Ruy Castro
Brazucas flanando por Lisboa terão o prazer de se ver, de repente, numa pracinha que corta a avenida Almirante Reis, no Areeiro. Se consultarem a placa com o nome, lerão: praça João do Rio. Os portugueses são gratos ao brasileiro João do Rio (1881-1921) por ele, como jornalista, ter defendido seus emigrantes numa época de particular lusofobia no Brasil: as vésperas do centenário da Independência, em 1922. No meio da praça, há uma peça de mármore com sua efígie e seu texto numa inscrição: “Nada me devem os portugueses por amar e defender portugueses, porque assim amo, venero e quero duas vezes a minha pátria.”
João do Rio, a começar pelo pseudônimo —chamava-se Paulo Barreto— dizia-se tão carioca quanto a rua do Ouvidor. Era um homem do jornal, da literatura, do teatro, do mundo político, da sociedade e das ruas, com enorme presença em seu tempo. Foi também o primeiro entrevistador da imprensa brasileira e introdutor na língua do verbo flanar. Como repórter, cobriu o Rio de alto abaixo, dos salões de Botafogo e bastidores dos teatros ao basfond, às casas de ópio e aos cortiços da cidade de 1910.

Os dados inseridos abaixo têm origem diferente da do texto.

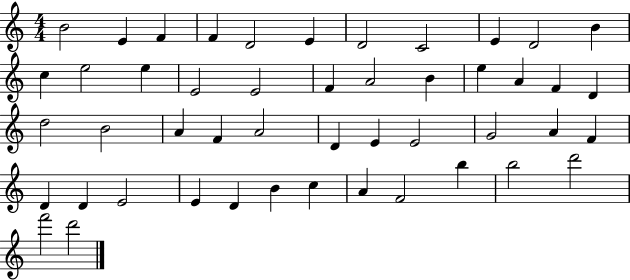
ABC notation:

X:1
T:Untitled
M:4/4
L:1/4
K:C
B2 E F F D2 E D2 C2 E D2 B c e2 e E2 E2 F A2 B e A F D d2 B2 A F A2 D E E2 G2 A F D D E2 E D B c A F2 b b2 d'2 f'2 d'2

O Rio não tem sido gentil com João do Rio. Seu centenário de falecimento, em 2021, inexistiu —esta coluna foi dos poucos espaços a celebrá-lo. A universidade o ignora e ele não é sequer nome de rua na cidade. Paulo Barreto, sim, é rua em Botafogo, mas quantos saberão que se trata do fabuloso autor de “A Alma Encantadora das Ruas”, “Dentro da Noite” e “Vida Vertiginosa”?
João do Rio era mulato, gay, gordo e dândi. Seus inimigos jogavam tudo isso contra ele e lhe impuseram agressões físicas. Ao contra-atacar, ele se valia de outras armas: o talento, a inteligência, a coragem. Ninguém o derrotava na palavra escrita.
O Rio não tem uma praça João do Rio. Mas Lisboa tem. Isso talvez lhe bastasse para amar, venerar e querer duas vezes a sua cidade.